5. Meninggalkan segala perbuatan Bid’ah

Bid’ah merupakan suatu metode di dalam beragama yang di ada-adakan menyerupai syari’at, dengan maksud untuk mendekatkan diri kepada Allah subhanahu wa ta’ala sedangkan tidak ada padanya dalil syar’i yang shahih dalam asal atau tata cara pelaksanaannya. Maka ketika Rasulullah shallallahu ‘alaihi wa sallam telah mengajarkan kepada kita seluruh perkara dalam agama ini, haram bagi kita untuk mengadakan sesuatu yang baru (bid’ah)  di dalam agama ini, karena jika demikian maka sama saja kita telah menganggap Rasulullah shallallahu ‘alaihi wa sallam berkhianat karena tidak menyampaikan seluruh risalah-Nya. al-Imam Malik bin Anas rahimahullah berkata:

من ابتدع في الاسلام بدعه يراها حسنه فقد زعم ان محمدا صلى الله عليه وسلم خان الرسالة لان الله يقول اليوم أكملت لكم دينكم فما لم يكن يومئذ دينا فلا يكون اليوم دينا

“Barangsiapa yang berbuat bid'ah dalam Islam dan dia menganggapnya hasanah (baik), maka sungguh dia telah menuduh Nabi Muhammad shallallahu ‘alaihi wa sallam telah mengkhianati risalah.

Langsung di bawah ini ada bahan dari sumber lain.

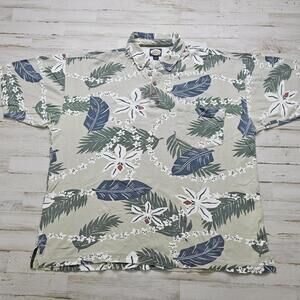 Vintage Tommy Bahama Polo Mens XL Hawaiian Floral Short Sleeve 100% cotton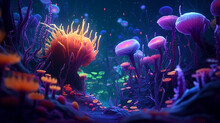 Abstract Underwater Plants, Marine Flora, Extraterrestrial Or Unknown On Seabed Seabed, Neon Glowing, Plant Life In Ocean At Depth Or Tropical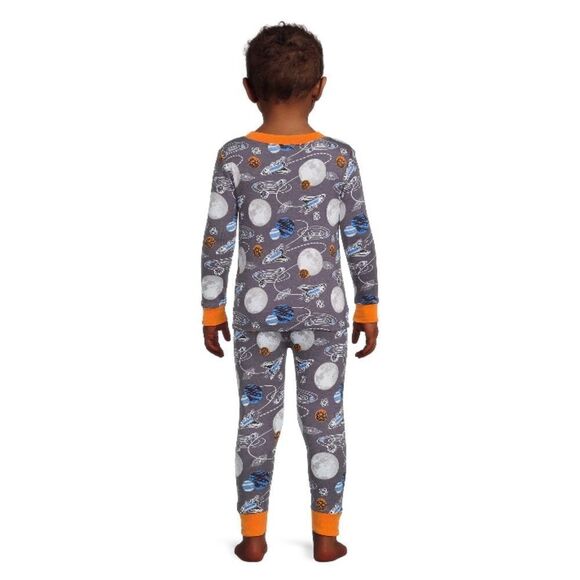 Spaceship Galaxy Cotton Long Sleeve Tight Fit Pajamas Lounge 2-Piece Set Sz 18M - Picture 6 of 7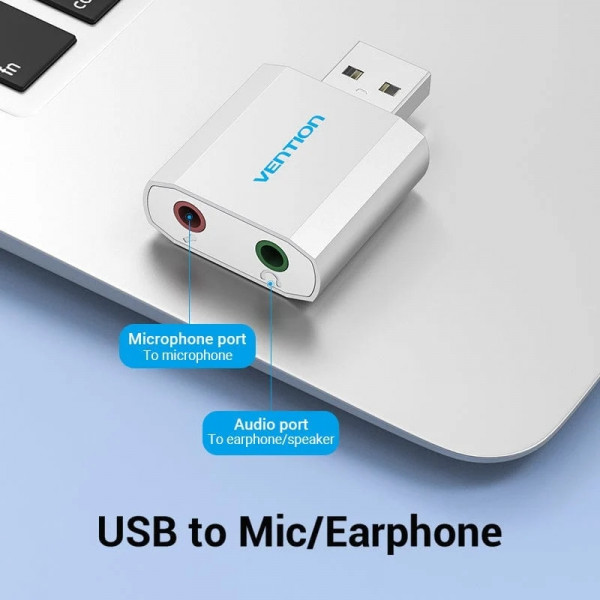 Звукова карта USB AUX jack, 2*TRS (Mic + Ear), Aluminum alloy Vention
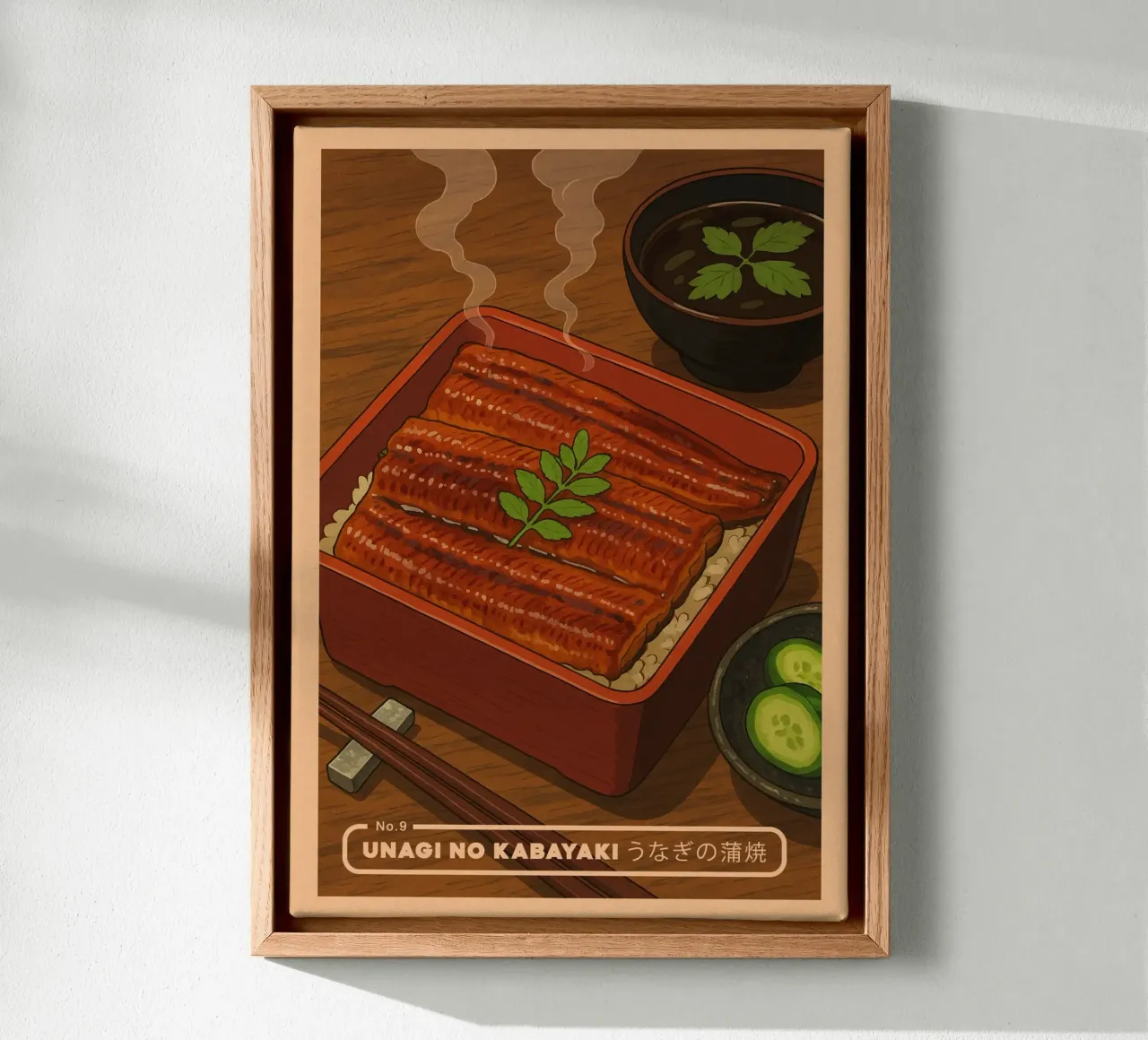 Anime-style Eels with rice - Japanese food series No. 9 tela con Cornice a cassetta da japanfox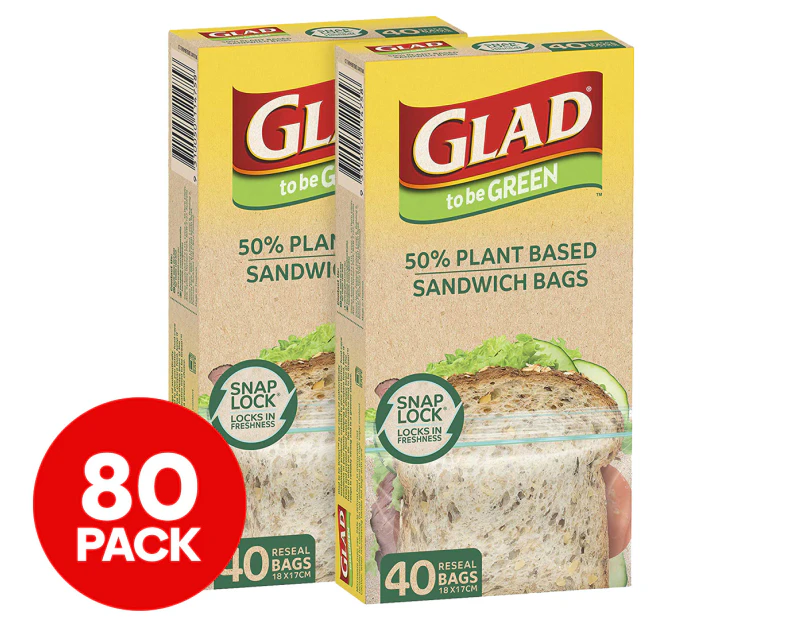 2 x 40pk Glad to be Green Snap Lock Plant Based Resealable Sandwich Bags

Karena Allah telah berfirman: “Pada hari ini telah Kusempurnakan untuk kamu agamamu.” Jika suatu perkara yang pada saat ayat ini diturunkan bukan termasuk bagian dari agama, maka sekarang pun bukanlah termasuk bagian dari agama.”[7]

6. Mendahulukan sabda Rasulullah shallallahu ‘alaihi wa sallam di atas segala perkataan manusia

Konsekuensi terakhir dari syahadat risalah adalah wajib mendahulukan sabda Rasulullah shallallahu ‘alaihi wa sallam diatas segala pendapat dan ucapan manusia. Allah subhanahu wa ta’ala berfirman:

يَا أَيُّهَا الَّذِينَ آمَنُوا لَا تُقَدِّمُوا بَيْنَ يَدَيِ اللَّهِ وَرَسُولِهِ ۖ وَاتَّقُوا اللَّهَ ۚ إِنَّ اللَّهَ سَمِيعٌ عَلِيمٌ

“Hai orang-orang yang beriman, janganlah kamu mendahului Allah dan Rasulnya dan bertakwalah kepada Allah. Sesungguhnya Allah Maha Mendengar lagi Maha Mengetahui.”[8]

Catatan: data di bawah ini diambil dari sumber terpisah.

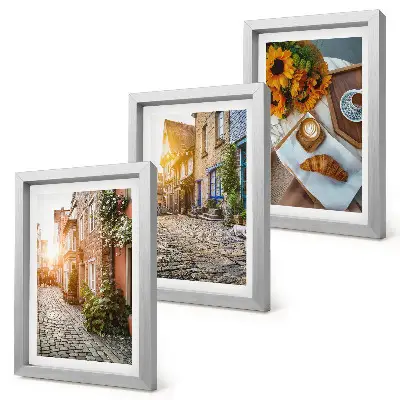 Photo frame wall featuring charming streets with coffee and sunflowers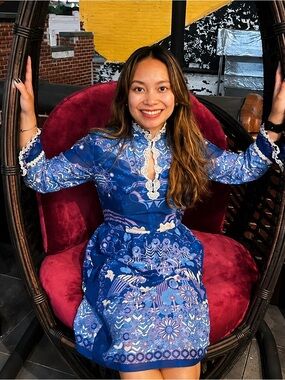 Anna Sui Peacock Border Shift Dress
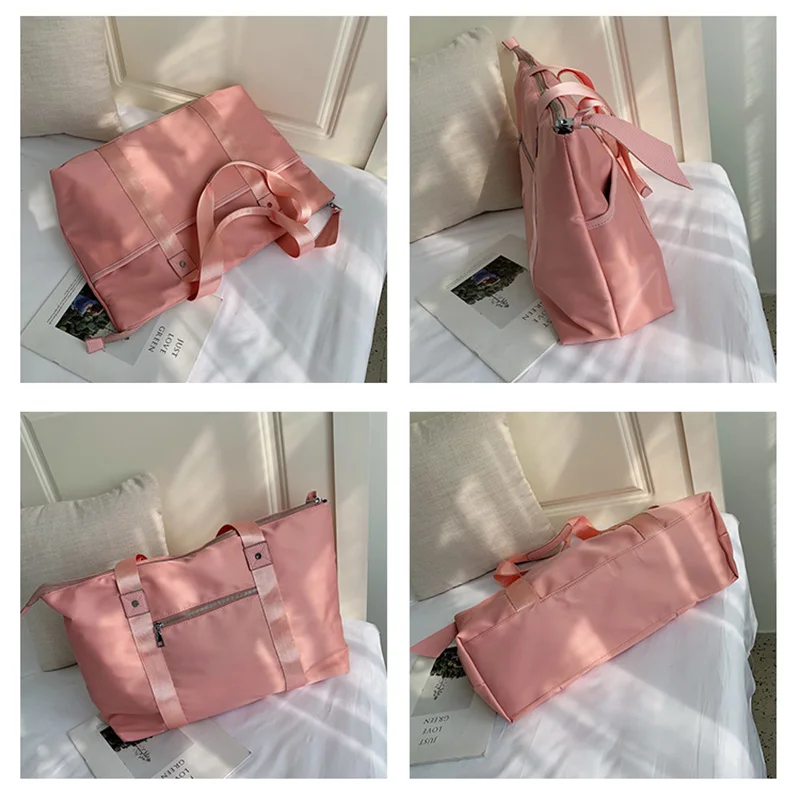Gaoge большой емкости сумки на плечо для женщин обувь сумка дорожные сумки водонепроницаемый нейлон розовый сухой влажный женские сумки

al-Imam Malik bin Anas rahimahullah berkata:

كل يُؤخذ من كلامه ويُرد إلا صاحب هذا القبر

“Setiap kita bisa diterima dan juga ditolak perkataannya, kecuali perkataan dari penghuni kubur ini (yakni Rasulullah shallallahu ‘alahi wa sallam).”[9]

Maksud perkataan al-Imam Malik bin Anas rahimahullah di atas adalah bahwa setiap perkataan seseorang jika perkataan tersebut menyelisihi perkataan Rasulullah shallallahu ‘alaihi wa sallam walaupun perkataan tersebut baik menurut pendapat kita, maka wajib bagi kita meninggalkan perkataan seseorang tersebut dan mendahulukan perkataan Rasulullah shallallahu ‘alaihi wa sallam.

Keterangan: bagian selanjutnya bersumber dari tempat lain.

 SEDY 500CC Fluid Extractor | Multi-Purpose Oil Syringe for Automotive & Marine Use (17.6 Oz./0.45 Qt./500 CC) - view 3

Demikian penjelasan mengenai konsekuensi syahadat risalah. Semoga Allah subhanahu wa ta’ala memudahkan kita dalam memahami dan mengamalkannya. Wallahu a’lam. Semoga bermanfaat.

سُبْحَانَكَ اللَّهُمَّ وَبِحَمْدِكَ أَشْهَدُ أَنْ لاَ إِلَهَ إِلاَّ أَنْتَ أَسْتَغْفِرُكَ وَأَتُوبُ إِلَيْكَ


[1] Aqidah at-Tauhid, hal. 51
[2] QS. an-Nisa’ [4] : 59
[3] QS. al-Hasyr [59] : 7
[4] HR. al-Bukhari no. 4351 dan Muslim no. 1064
[5] QS. al-Hasyr [59] : 7
[6] Hilyah al-Auliya’, Juz 1 hal. 253
[7] al-I'tisham, Juz 1 hal. 49
[8] QS. al-Hujurat [49] : 1
[9] al-Maqashid al-Hasanah, hal. 513


Referensi

  • al-Qur’an al-Kariim
  • al-Imam Abu ‘Abdillah Muhammad bin Ism’ail al-Ju’fi al-Bukhari. Shahih al-Bukhari. 1419 H. Bait al-Afkar ad-Dauliyyah Riyadh.
  • al-Imam Abu al-Husain Muslim bin al-Hajjaj al-Qusyairi an-Naisaburi. Shahih Muslim. 1419 H. Bait al-Afkar ad-Dauliyyah Riyadh.
  • al-Imam Abu Ishaq Ibrahim bin Musa bin Muhammad al-Lakhmi asy-Syathibi al-Gharnathi. al-I’tisham. al-Maktabah at-Tijarah al-Kubra Mesir.
  • al-Imam Abu Nu’aim Ahmad bin ‘Abdullah al-Ashfahani. Hilyah al-Auliya’ wa Thabaqat al-Ashfiya’. 1416 H. Dar al-Fikr Beirut.
  • asy-Syaikh Muhammad ‘Abdurrahman as-Sakhawi. al-Maqashid al-Hasanah fii Bayan Katsir min al-Ahadits al-Musytaharah ‘alaa al-Alsinah. 1405 H. Dar al-Kitab al-‘Arabi Beirut.
  • asy-Syaikh Shalih bin Fauzan al-Fauzan. ‘Aqidah at-Tauhid wa Bayan Maa Yudhadduha au Yanqushuha min asy-Syirk al-Akbar wa al-Ashghar wa at-Ta’thil wa al-Bida’ wa Ghair Dzalik. 1434 H. Maktabah Dar al-Minhaj Riyadh.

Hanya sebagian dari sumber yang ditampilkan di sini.